__WHAT YOU SHOULD DO__
Your task is to return the span of lines beginning at the one with "imageSHENHE Womens Strapless" and ending at the last line of the data, exactly as it stands.
+--
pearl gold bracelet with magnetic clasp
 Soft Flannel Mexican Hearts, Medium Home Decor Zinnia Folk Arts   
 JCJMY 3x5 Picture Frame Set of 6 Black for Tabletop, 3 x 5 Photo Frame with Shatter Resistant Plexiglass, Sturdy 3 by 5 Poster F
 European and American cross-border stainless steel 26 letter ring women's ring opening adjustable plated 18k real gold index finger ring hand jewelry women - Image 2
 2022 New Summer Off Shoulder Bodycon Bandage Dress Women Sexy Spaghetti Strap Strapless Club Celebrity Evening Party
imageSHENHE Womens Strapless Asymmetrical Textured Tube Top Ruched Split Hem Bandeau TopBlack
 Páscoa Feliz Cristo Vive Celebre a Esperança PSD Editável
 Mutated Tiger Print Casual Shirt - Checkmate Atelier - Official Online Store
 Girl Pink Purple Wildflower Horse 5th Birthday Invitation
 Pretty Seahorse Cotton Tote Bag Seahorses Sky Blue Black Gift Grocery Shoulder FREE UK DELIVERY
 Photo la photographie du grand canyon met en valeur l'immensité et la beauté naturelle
+--
__WRITTEN RESPONSE__
imageSHENHE Womens Strapless Asymmetrical Textured Tube Top Ruched Split Hem Bandeau TopBlack
 Páscoa Feliz Cristo Vive Celebre a Esperança PSD Editável
 Mutated Tiger Print Casual Shirt - Checkmate Atelier - Official Online Store
 Girl Pink Purple Wildflower Horse 5th Birthday Invitation
 Pretty Seahorse Cotton Tote Bag Seahorses Sky Blue Black Gift Grocery Shoulder FREE UK DELIVERY
 Photo la photographie du grand canyon met en valeur l'immensité et la beauté naturelle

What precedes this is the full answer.